My void gaped open.
A dark torrent rushed into my core. My breath caught as the pressure in my chest grew to an unbearable ache, the shadows like a living beast inside me that paced my ribcage.
Scratching. Scraping.
Something sharp nipped at my finger, making me hiss and yank my hand from the jailor’s grip. “No!”
A surge of shadows burst forth from my palm, an eruption of dark energy fueled by the anguish, the wrath, the heartbreak. The force of it sent the jailor flying backward, his knife clattering uselessly to the floor.
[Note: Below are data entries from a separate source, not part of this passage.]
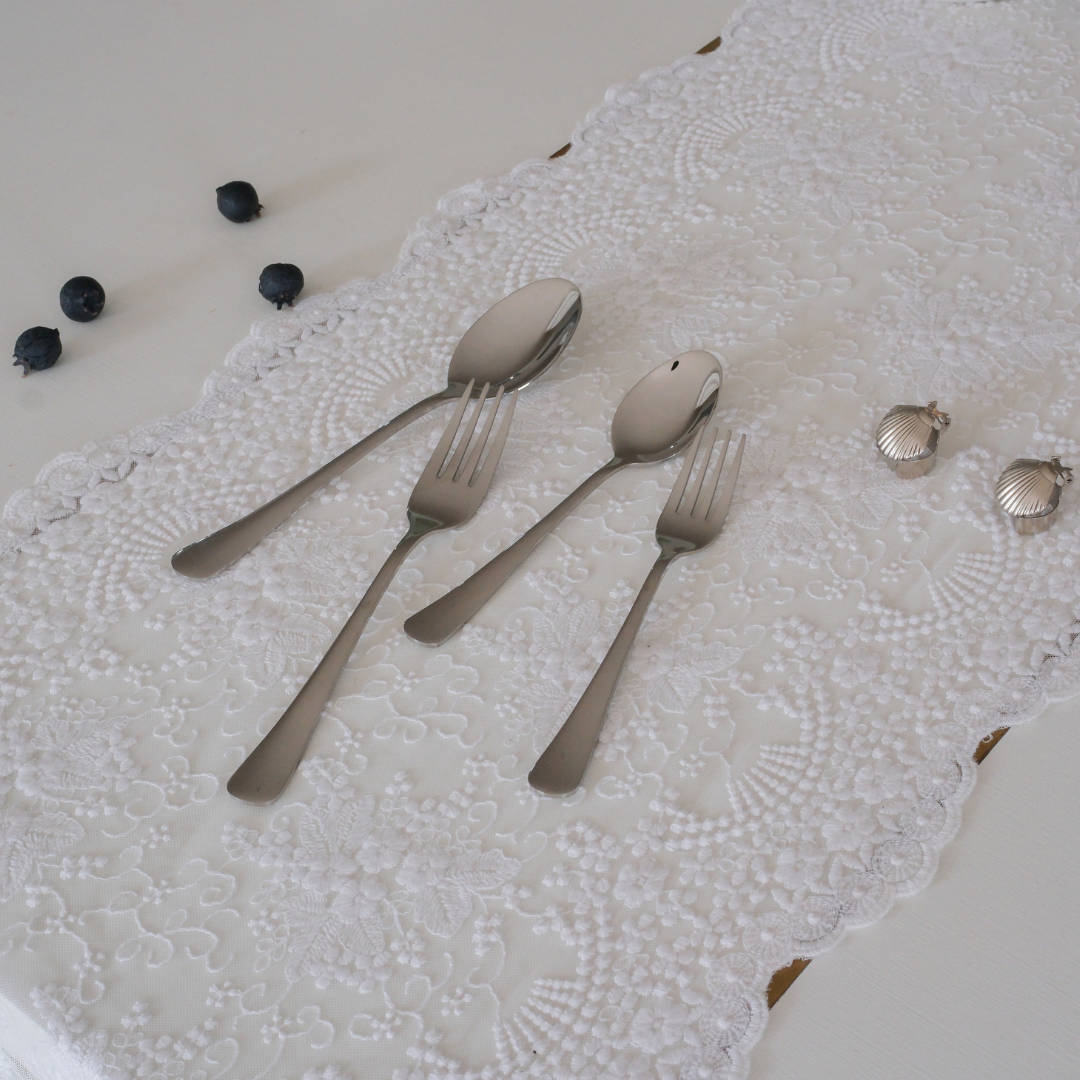 Set of 24 Classic Silver Cutlery Set | 304 SS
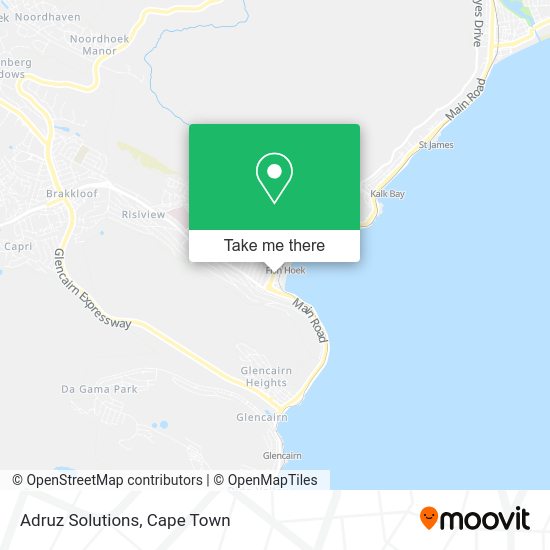 How to get to Adruz Solutions in Simon Town by train?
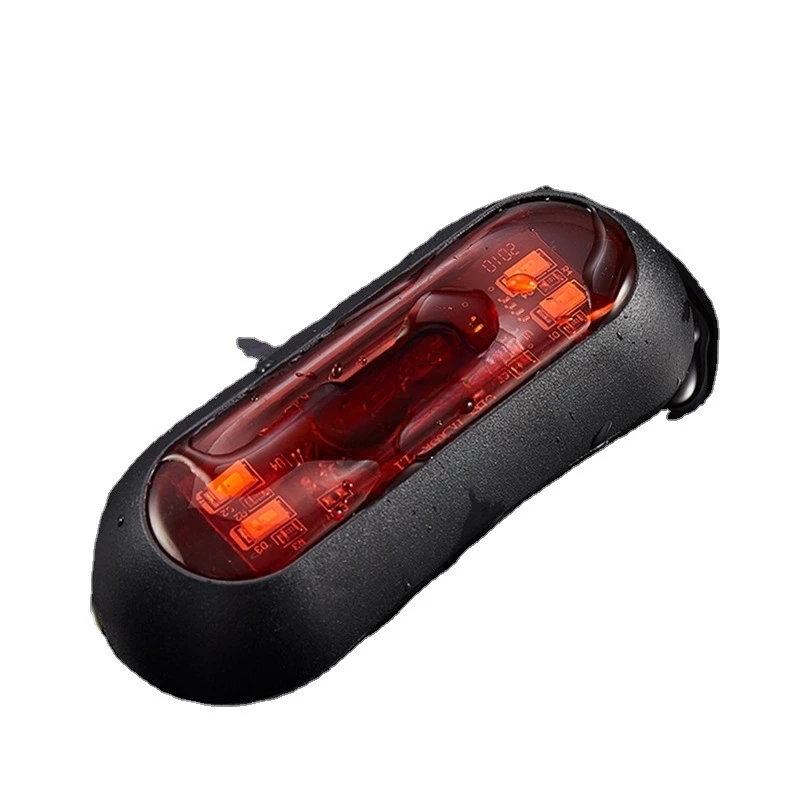 For Outdoor Indicator Light Flashing Warning Water-Proof LED Light Bicycle Motorcycle Taillights Helmet Safety Light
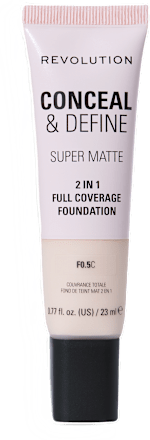 Conceal & Define Super Matte tekući puder – F0.5 C REVOLUTION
He hit the wall and slid down, but there was no pain in his eyes, only widening horror as fingerlings of shadows slithered over his body. His scream was nothing short of blood-curdling as the tendrils wound tighter around him. His skin turned ashen, then gray, then black, desiccating and tightening over his bones like a mummified corpse.
How easy it was.
Killing.
The sight tingled at my insides—creeping, crawling—shadows convoluting my chest with the same force they blurred my mind. Pitch-black darkness settled onto my thoughts.
I will fucking kill them. I will kill them all!
I stepped out of the cage and rolled my shoulders, following the narrow pathway toward the clanking of armor and bellow of shouts. They must have heard the commotion.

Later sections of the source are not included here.